The Microbiome SmartPanel is the company's most recent offering, designed to identify biologically relevant microbial and host-derived metabolites and xenobiotic molecules that can help explain how microbial processes impact their host's health.
The FinnGen collaboration will focus on a few thousand patient samples, rather than the full cohort, although the contract, financial details of which the partners did not disclose, runs for the next 18 months and may be extended after that.
"Metabolon’s team will work closely with FinnGen," Rangaprasad Sarangarajan, the company's CSO, said via email, "providing end-to-end support from laboratory-specific operational logistics, including sample handling and shipping, to generating the highest quality metabolite count dataset in the industry and providing curated high-quality data via our delivery portal ready for analysis."
FinnGen has identified numerous gene variants associated with diseases that have known metabolic components. These range from diabetes to senile cataracts, as well as a range of immune-mediated and obesity-associated disorders.
"We have to remember that these are not the only variants that contribute to the disease," said Palotie, "but these are those where we might have an avenue to understand the biology better."
Most of the variants in these cases, he explained, occur in regulatory regions, which are harder to analyze than protein-coding regions.
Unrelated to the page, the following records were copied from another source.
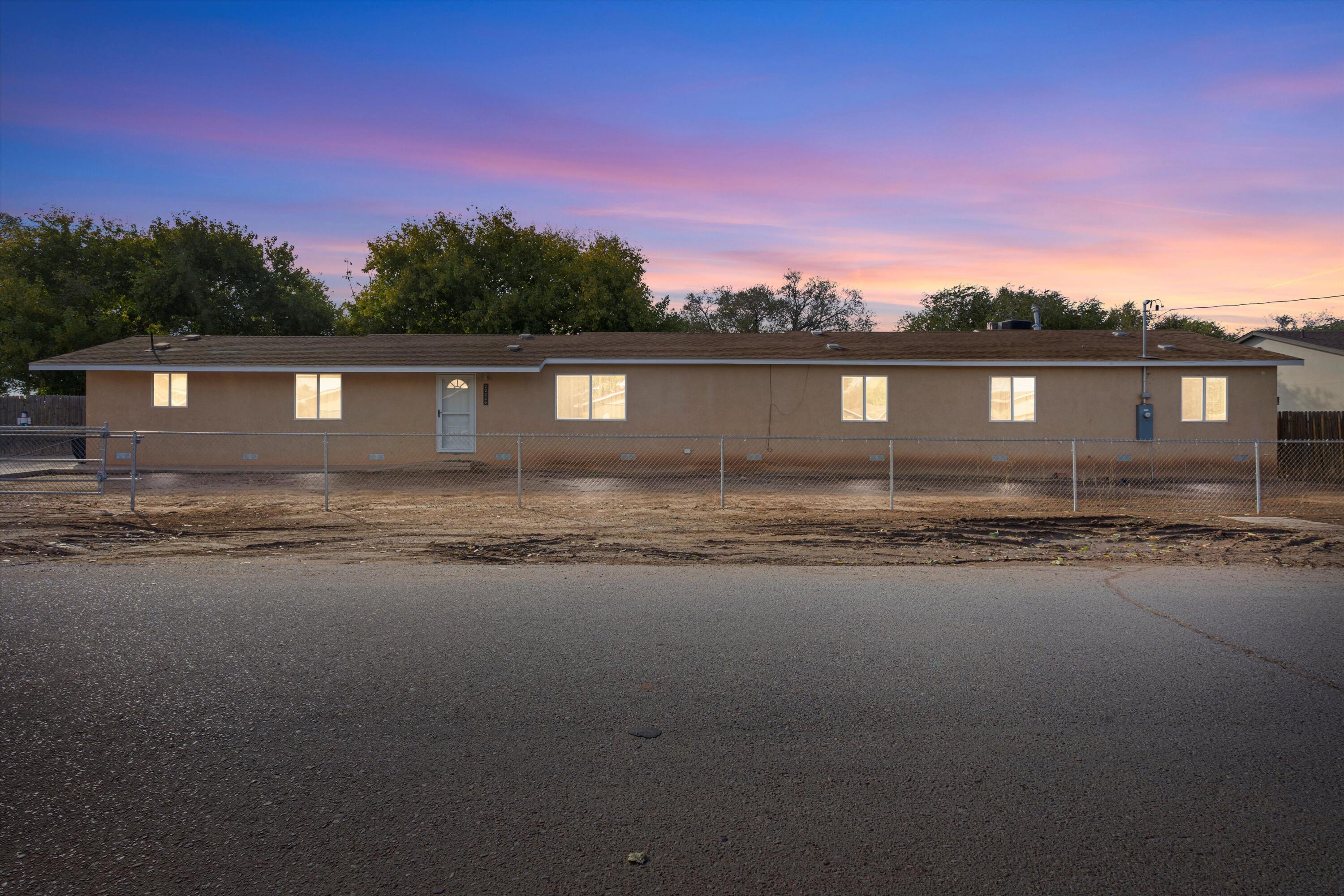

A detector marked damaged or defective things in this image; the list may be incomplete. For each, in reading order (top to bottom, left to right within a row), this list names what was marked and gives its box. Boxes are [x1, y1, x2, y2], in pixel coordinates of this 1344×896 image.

cracked asphalt road [2, 563, 1344, 892]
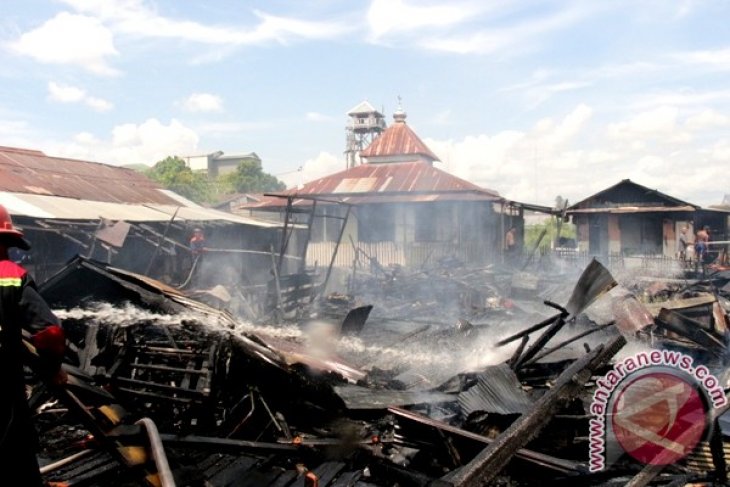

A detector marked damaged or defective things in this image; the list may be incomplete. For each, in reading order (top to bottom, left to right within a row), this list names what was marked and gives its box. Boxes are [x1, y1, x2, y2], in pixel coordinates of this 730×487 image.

rusty metal roof [358, 119, 438, 163]
rusty metal roof [0, 146, 178, 205]
rusty metal roof [239, 161, 500, 209]
burnt debris pile [27, 258, 728, 486]
charred wood beam [444, 336, 624, 487]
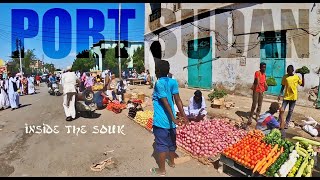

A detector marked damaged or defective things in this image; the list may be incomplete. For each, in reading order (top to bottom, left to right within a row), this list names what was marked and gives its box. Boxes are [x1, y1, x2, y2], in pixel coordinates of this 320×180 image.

wall with peeling paint [144, 2, 320, 99]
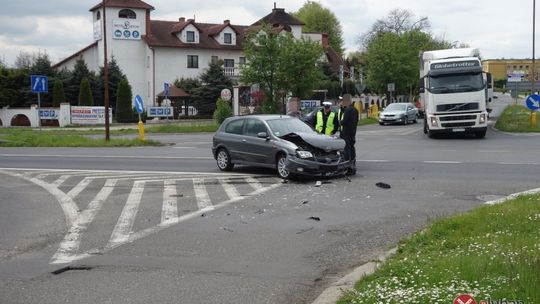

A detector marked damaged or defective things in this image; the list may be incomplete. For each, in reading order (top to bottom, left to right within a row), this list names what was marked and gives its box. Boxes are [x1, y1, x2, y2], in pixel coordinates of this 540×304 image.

damaged silver hatchback [209, 115, 352, 179]
crumpled car front end [280, 132, 352, 177]
broken front bumper [284, 156, 352, 177]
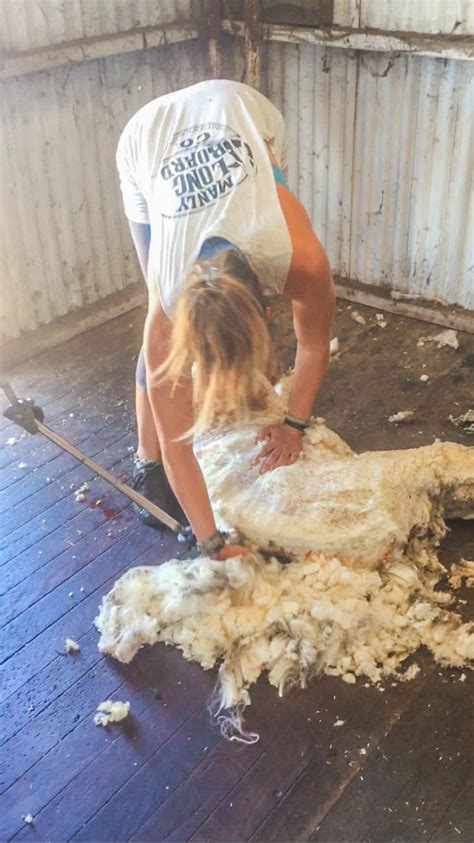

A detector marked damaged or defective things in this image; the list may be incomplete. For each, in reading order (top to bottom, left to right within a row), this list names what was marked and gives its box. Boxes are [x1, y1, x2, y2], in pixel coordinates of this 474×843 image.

rusty metal wall panel [0, 0, 201, 52]
rusty metal wall panel [0, 39, 207, 342]
rusty metal wall panel [262, 40, 472, 310]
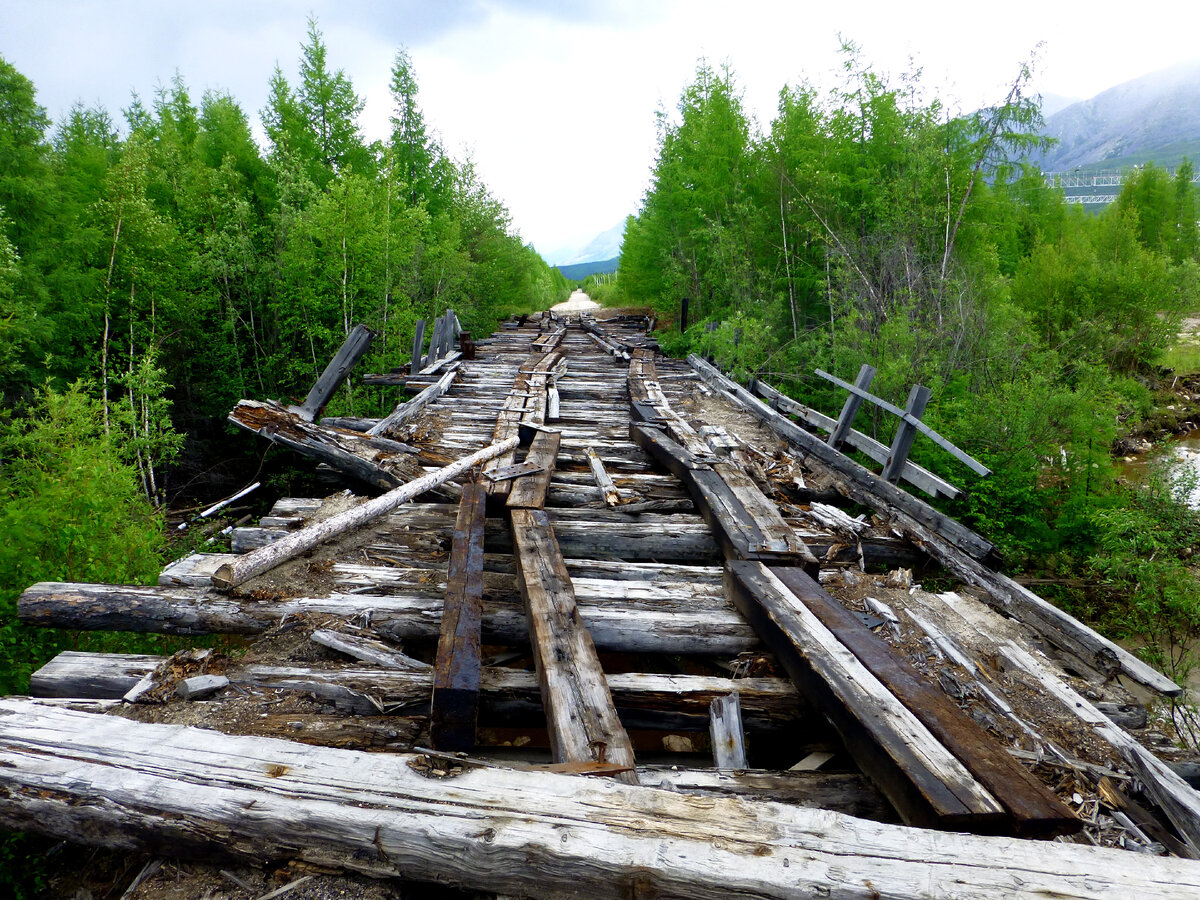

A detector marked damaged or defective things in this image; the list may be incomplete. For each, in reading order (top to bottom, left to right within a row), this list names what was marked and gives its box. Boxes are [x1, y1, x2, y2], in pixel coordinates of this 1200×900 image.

broken timber beam [212, 441, 520, 595]
broken timber beam [432, 487, 487, 753]
broken timber beam [506, 508, 638, 782]
broken timber beam [2, 705, 1200, 900]
broken timber beam [724, 561, 1008, 835]
broken timber beam [772, 571, 1084, 840]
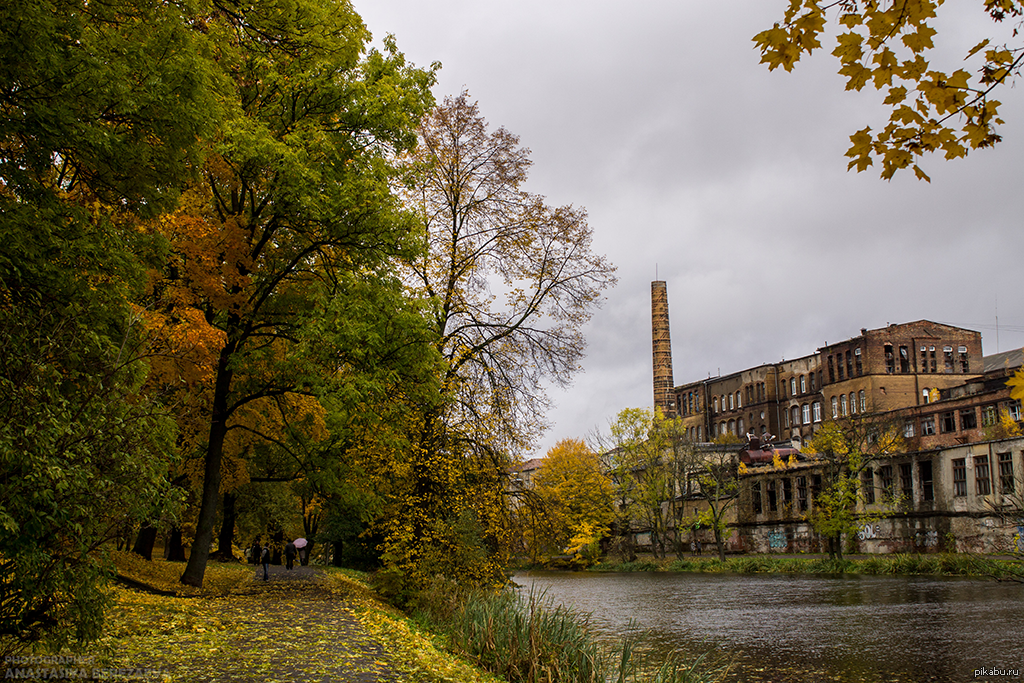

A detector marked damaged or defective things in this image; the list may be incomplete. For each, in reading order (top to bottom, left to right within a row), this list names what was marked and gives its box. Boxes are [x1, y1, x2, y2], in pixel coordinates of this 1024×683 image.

broken window [860, 471, 876, 507]
broken window [917, 458, 933, 501]
broken window [950, 458, 966, 497]
broken window [974, 456, 991, 493]
broken window [999, 454, 1015, 497]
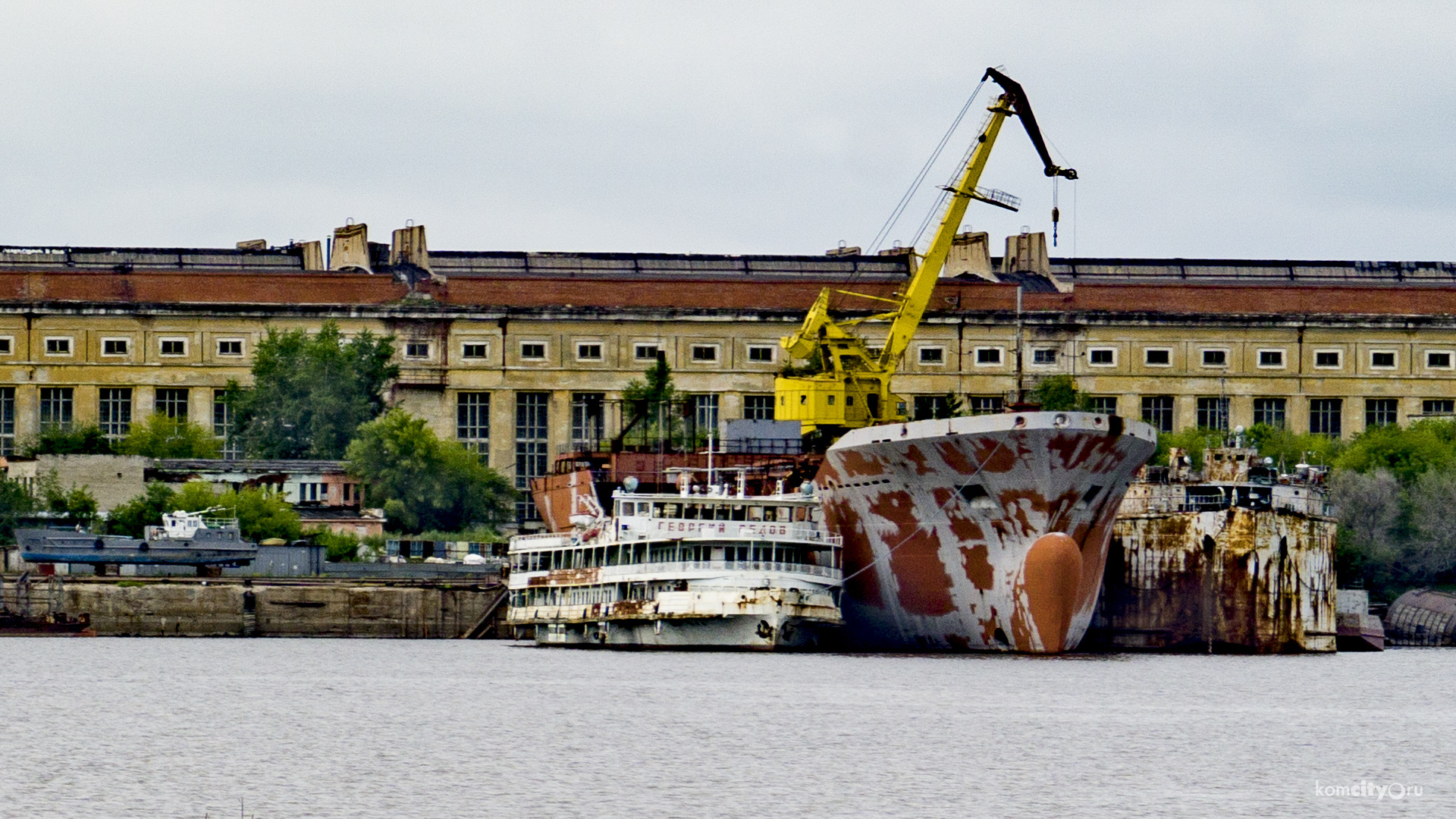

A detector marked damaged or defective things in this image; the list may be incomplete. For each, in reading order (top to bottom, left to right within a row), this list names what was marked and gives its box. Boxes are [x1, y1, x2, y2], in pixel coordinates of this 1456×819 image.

corroded metal structure [819, 410, 1147, 652]
rusted cargo ship [813, 413, 1153, 649]
rust streaked hull [813, 413, 1153, 655]
rusted cargo ship [1086, 449, 1335, 652]
corroded metal structure [1092, 449, 1341, 652]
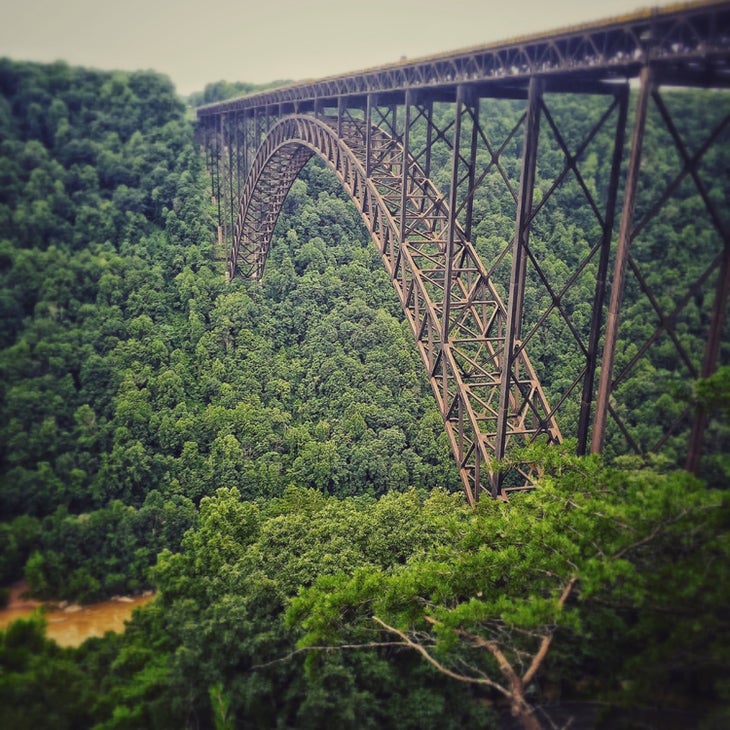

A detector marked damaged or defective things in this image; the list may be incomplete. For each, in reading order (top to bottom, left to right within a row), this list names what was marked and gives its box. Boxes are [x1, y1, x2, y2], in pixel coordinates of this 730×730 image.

rusted steel structure [199, 0, 728, 500]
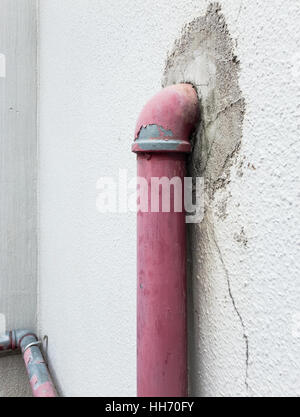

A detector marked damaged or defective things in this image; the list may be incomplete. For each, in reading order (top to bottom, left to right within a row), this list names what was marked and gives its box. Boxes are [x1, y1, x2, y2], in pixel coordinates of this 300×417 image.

peeling paint on pipe [0, 328, 56, 396]
peeling paint on pipe [132, 83, 199, 394]
damaged plaster patch [163, 2, 247, 394]
crack in wall [212, 228, 250, 390]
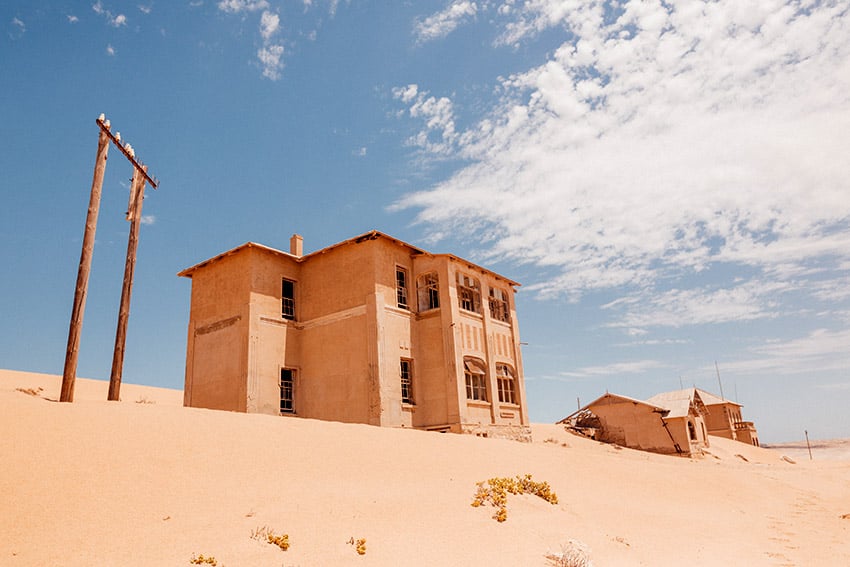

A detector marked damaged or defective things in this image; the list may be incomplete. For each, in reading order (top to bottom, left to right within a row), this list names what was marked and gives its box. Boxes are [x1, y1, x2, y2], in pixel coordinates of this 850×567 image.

broken window [416, 272, 440, 312]
broken window [454, 272, 480, 312]
broken window [486, 288, 506, 324]
broken window [278, 370, 294, 414]
broken window [464, 358, 484, 402]
broken window [494, 364, 512, 404]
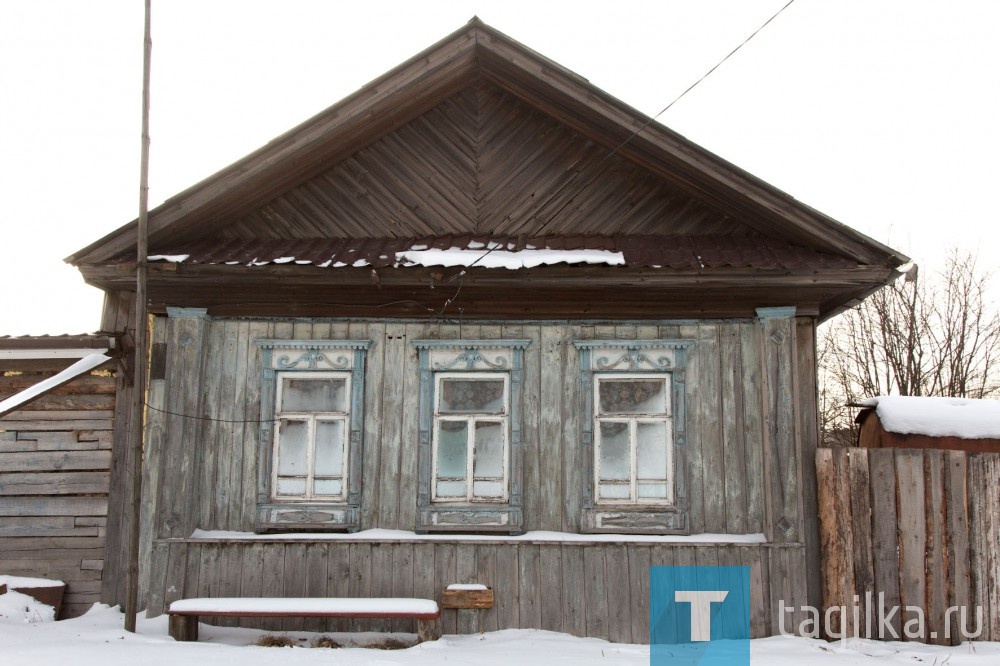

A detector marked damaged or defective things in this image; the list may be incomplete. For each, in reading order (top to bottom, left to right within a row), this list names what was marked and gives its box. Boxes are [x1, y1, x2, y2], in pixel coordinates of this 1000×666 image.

rusted metal roofing [145, 235, 856, 268]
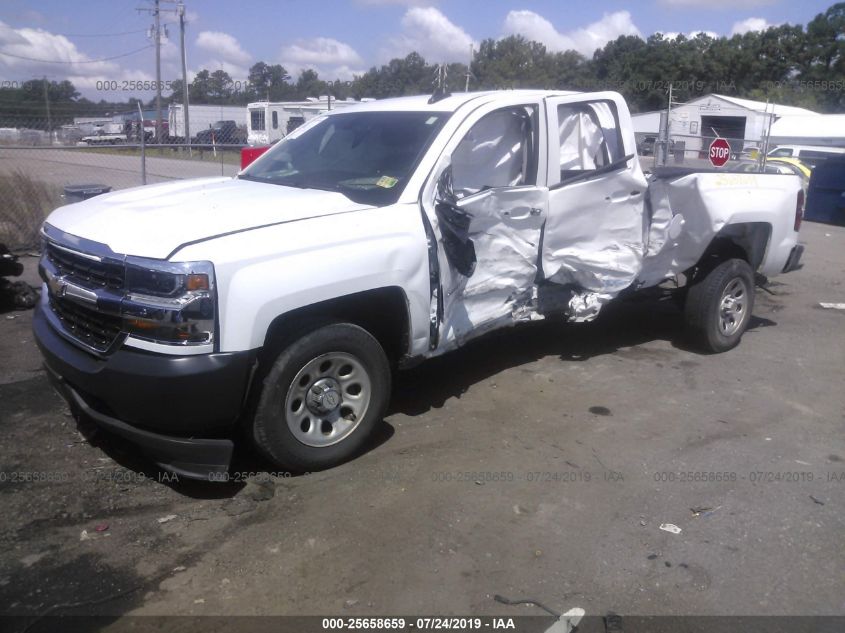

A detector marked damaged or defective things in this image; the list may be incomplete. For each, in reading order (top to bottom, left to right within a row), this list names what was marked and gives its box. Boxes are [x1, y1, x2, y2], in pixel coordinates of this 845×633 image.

damaged white pickup truck [36, 91, 804, 476]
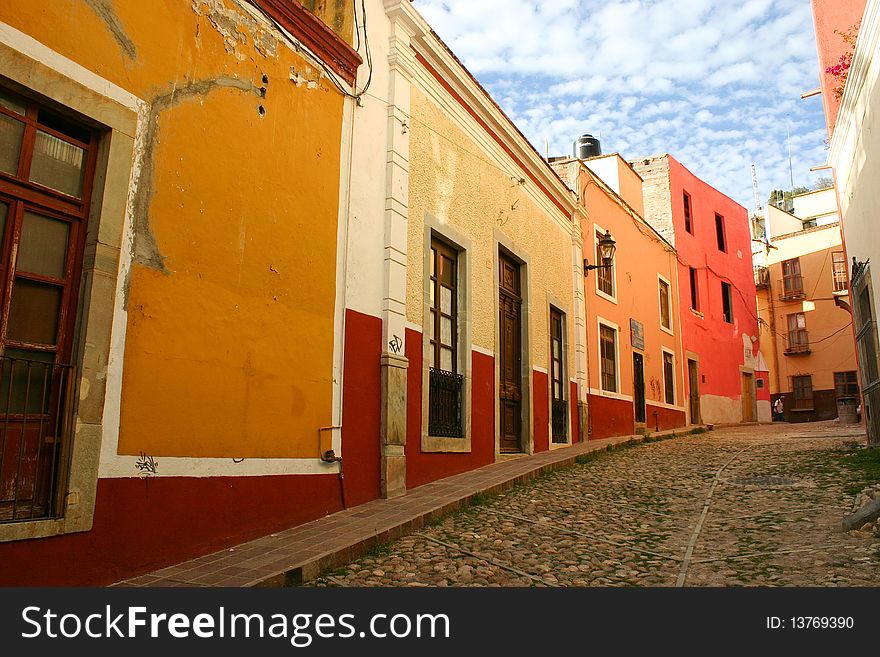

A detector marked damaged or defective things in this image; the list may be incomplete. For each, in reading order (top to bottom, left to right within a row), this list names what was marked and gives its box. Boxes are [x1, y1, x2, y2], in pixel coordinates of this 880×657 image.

peeling paint [85, 0, 137, 59]
peeling paint [192, 0, 278, 58]
peeling paint [130, 76, 262, 276]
The attempt to fully characterize these variants and their effects will involve multiple experimental approaches, including proteomics and immunological assays, in addition to genomic and metabolomic profiling.
Beyond the metabolomics project, FinnGen overall aims to characterize 500,000 Finnish biobank participants, although the consortium will collect data from approximately 525,000 to account for losses and partial datasets that inevitably occur along the way. The project has currently collected data on 502,000 individuals.
The public-private partnership comprises six public and 13 private organizations and has raised just under €90 million ($102.8 million) to date.